▸ **Work instructions**
A complete answer lists every line of the material where the string "issues" occurs.

▸ **Information provided**
----
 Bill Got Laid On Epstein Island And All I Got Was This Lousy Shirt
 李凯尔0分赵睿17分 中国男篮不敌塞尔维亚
----
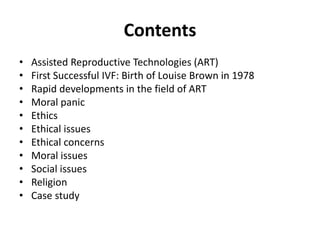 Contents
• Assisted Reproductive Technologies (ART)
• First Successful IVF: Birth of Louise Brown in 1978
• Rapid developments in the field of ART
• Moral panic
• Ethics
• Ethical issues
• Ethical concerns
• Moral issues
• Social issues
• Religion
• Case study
----
▸ **Response for this exercise**
• Ethical issues
• Moral issues
• Social issues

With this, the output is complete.